Geeta Gandbhir (top left) and Blair Foster (bottom left) on Zoom with History Prof. Philip Napoli (right)./ Photo edited by John Schilling

 The ultimate editing challenge, however, came when they first submitted the film to the New York Times. After editing hours of footage, Gandbhir condensed it all to a final cut that was roughly 10 minutes long. The New York Times asked them to cut it in half.

   “A lot of what people had to say was redundant,” Gandbhir said. “So it was about who kind of said it best…or who had a unique take.”

   For Gandbhir, the most important part of the editing process was maintaining the arc that starts with the parent’s own experiences with law enforcement and then how they have these conversations with their kids, the struggles that come with that, and a section in which the parents look into the camera and speak directly to their children. 

   In order to both maintain the film’s arc and honor the New York Times’ request to shorten the piece, Gandbhir and Foster had to cut some parents from the film altogether.

   “You have to be very ruthless,” Foster said. “There is so much stuff you like and you like the people…and you have to kind of put that aside and think what’s the story I’m telling and who’s telling it in the best way.
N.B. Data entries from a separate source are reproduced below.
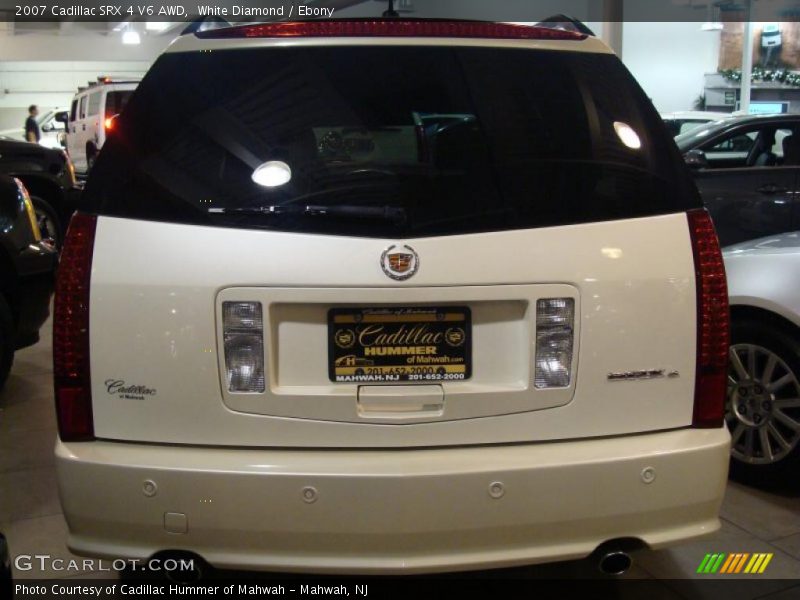 White Diamond / Ebony 2007 Cadillac SRX 4 V6 AWD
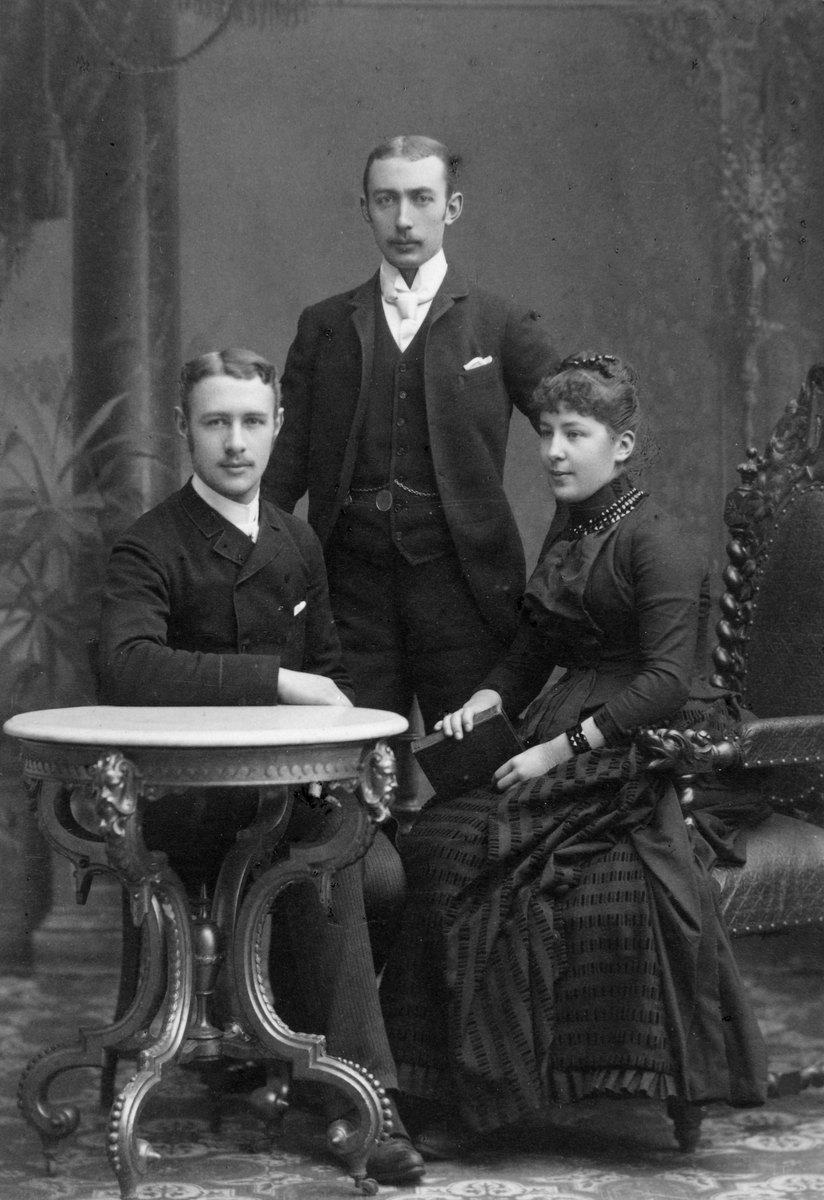 Christian Thams, hans kone Eléonore og broren Wilhelm August Thams.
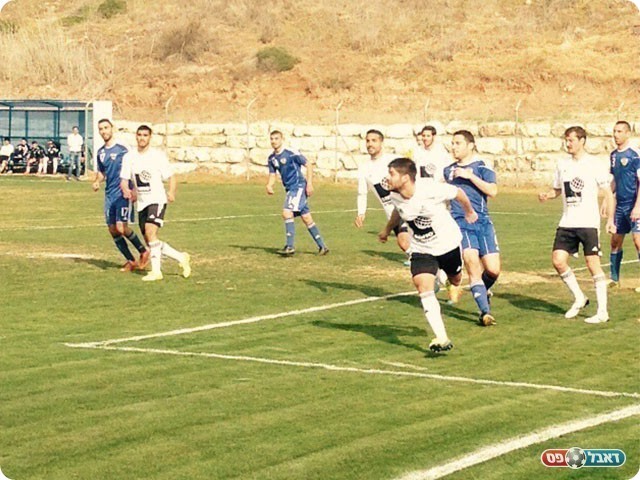 אוחיון עם הרחקת כדור (עדי מלול)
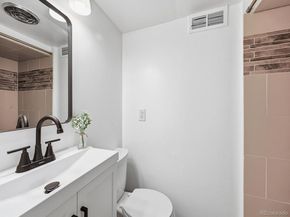 7600 E 22nd Avenue, Denver CO 80207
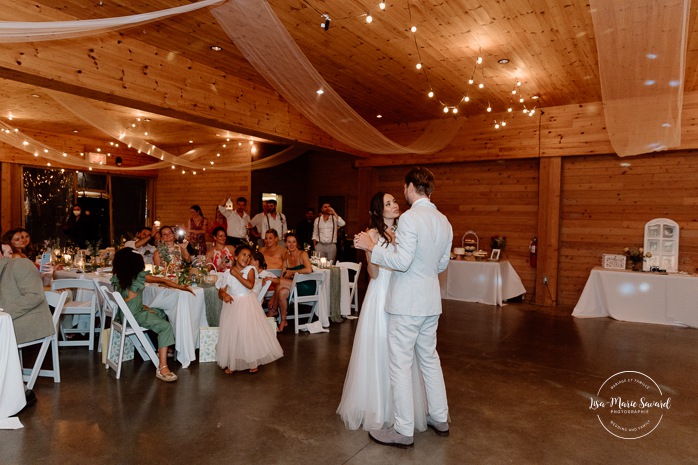 Bride and groom first dance under gazebo. Mariage à la Pointe-du-Moulin. Photographe mariage à Montréal. Pointe-du-Moulin wedding. Montreal wedding photographer.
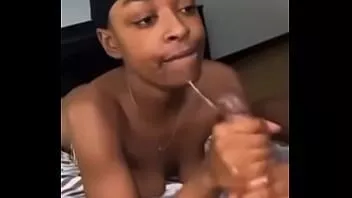 Reproducir Esa mirada en sus ojos cuando te está secando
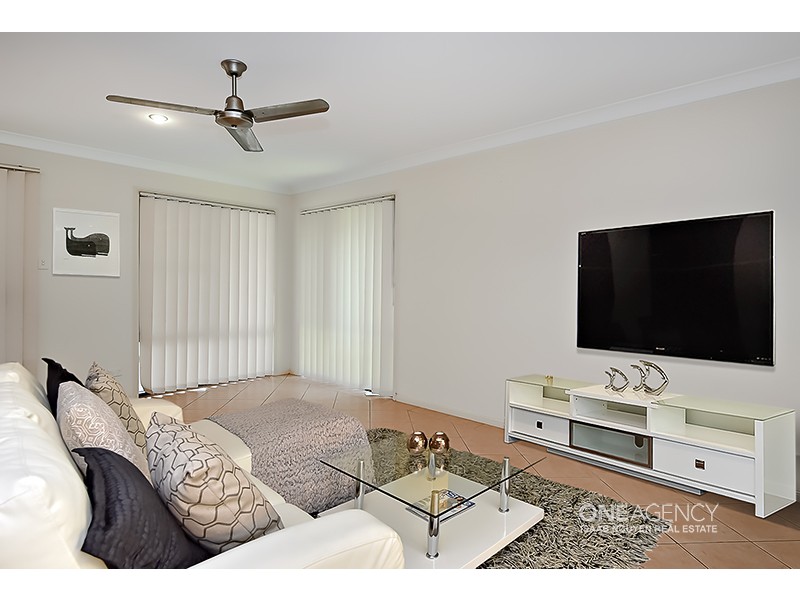 71 Claremont Pde, Forest Lake QLD 4078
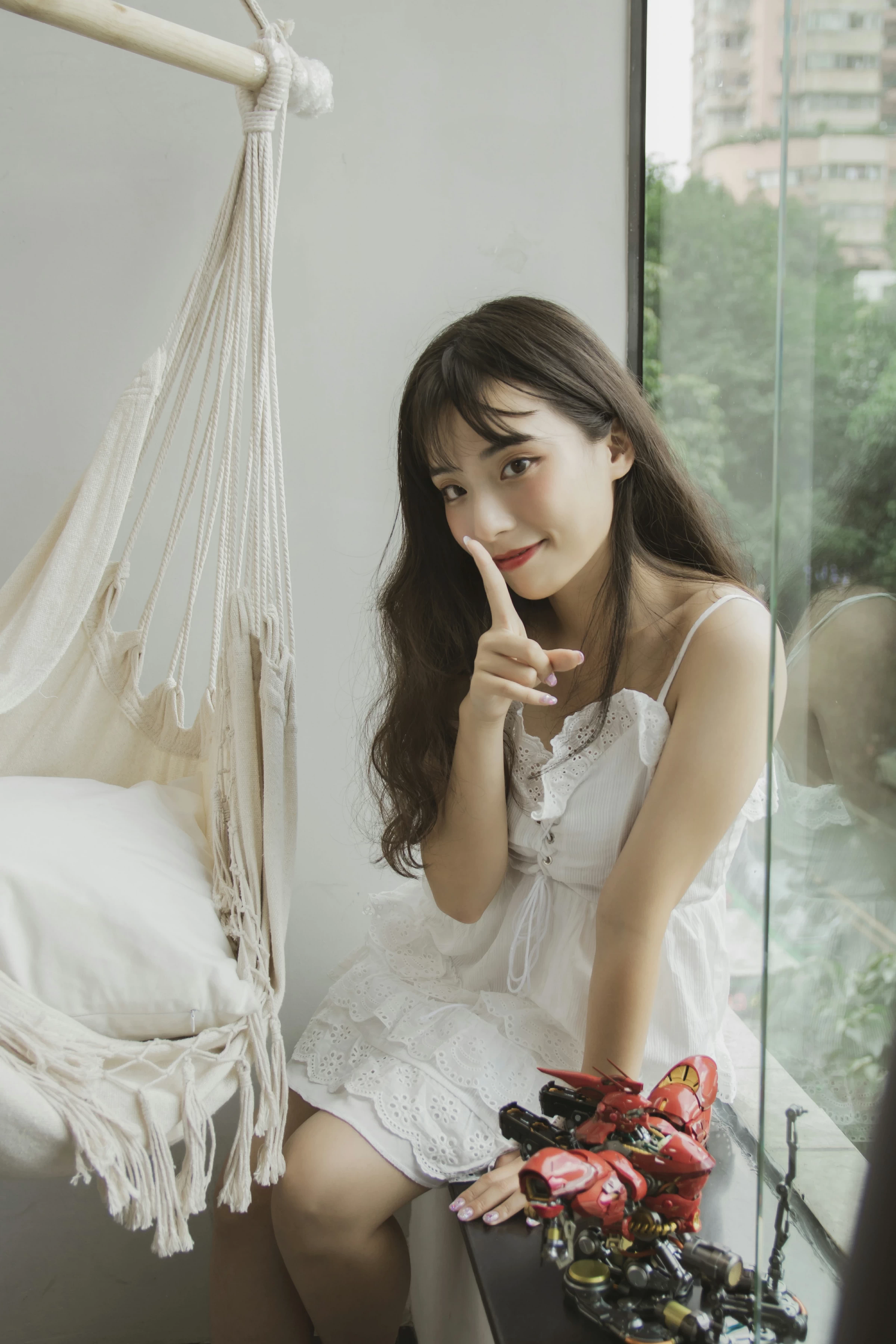 [YALAYI雅拉伊]No.357 我的高达女友 阿橙 白色吊带蕾丝连衣裙清纯可爱私房写真集第14张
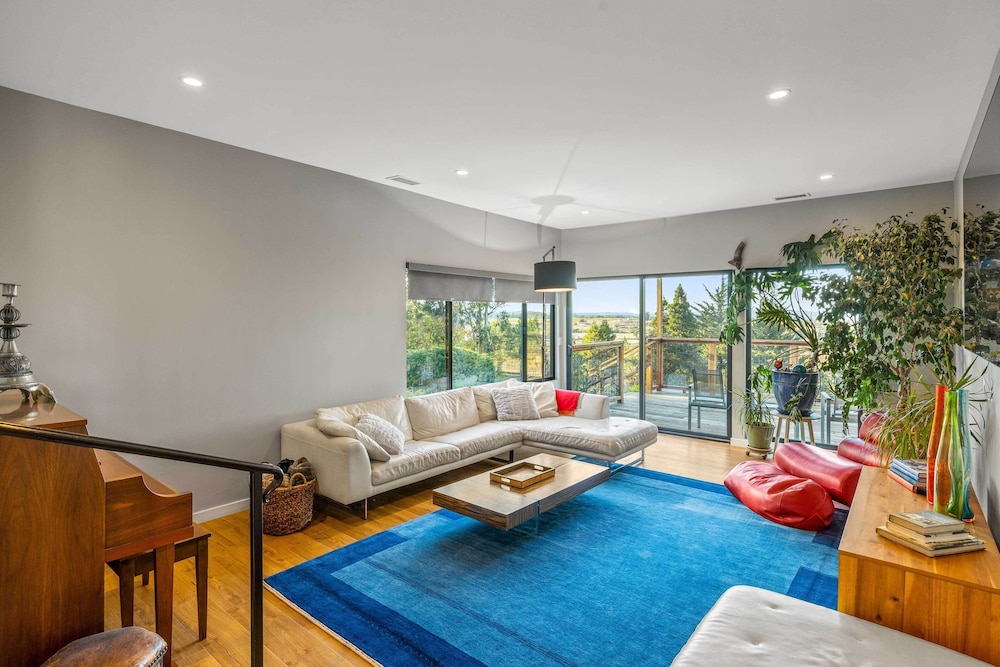 Private Pool & Large Deck: Modern Cotati Villa!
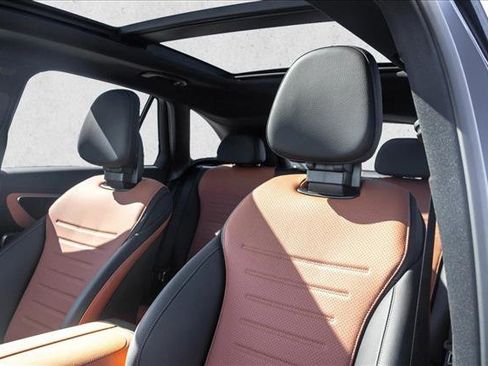 New 2026 Mercedes-Benz GLC 300 4MATIC image 12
It has to be 100 percent.”

   Since the release of A Conversation with my Black Son in 2015, the film has generated a huge response with schools implementing it into their curriculum and through film festival screenings.  It was the New York Times publishing of the film, however, that allowed it to have such an impact.

   “We were extraordinarily lucky that we had good timing because the Times was just starting to do these kinds of shorts too. I think they were eager for just about anything,” Foster said. 

   “[The film] was widely shared on social media, and I think it was their most viewed Op-Doc of that year,” Gandbhir added. “Suddenly they wanted some more.”

   Because of its strong reception, the film launched into a series called The Conversation with the immediate sequel being A Conversation About Growing Up Black, a short film featuring interviews with young African American boys. 

   Prior to A Conversation with my Black Son, Gandbhir and Foster worked together on Mr. Dynamite: The Rise of James Brown, a documentary that utilizes archival footage and interviews to explore James Brown’s career in the music industry and his lasting impact. The duo also reflected on this experience as a means to emphasize the difficulty of interviewing people. For Foster, her interview with Maceo Parker, a saxophonist who worked with Brown, stood out.

   “We were chatting beforehand, he was in a great mood…and then we sat down and the camera turned on, and he just became a robot,” Foster joked. “It’s an interview I consider one of my biggest failures. I just couldn’t get really anything good out of him, and he’s not in the film that much for that reason.”

   “There’s some people who unfortunately are just super camera shy,” Gandbhir explained. “You have to try to get them to forget the camera, and that can be really hard.”

   Both Gandbir and Foster have navigated these challenges by working to build trust with those they interview to ensure that they can produce their best work. This is because of the symbiotic nature of the relationship between the interviewer and interviewee.

   “You’re driving and the person you are interviewing is giving you the directions,” Foster explained. “The reality is you may not get everything you want…it is a process.”

   “If you are pushing them and they are not giving, then step back,” Gandbhir added. “Let them go through other stuff and then come back to it. Let them get more comfortable with it.”

   As the night came to a close, Prof. Napoli thanked the duo for sharing their experiences and remarked that it was “a masterclass in interviewing and documentary production.”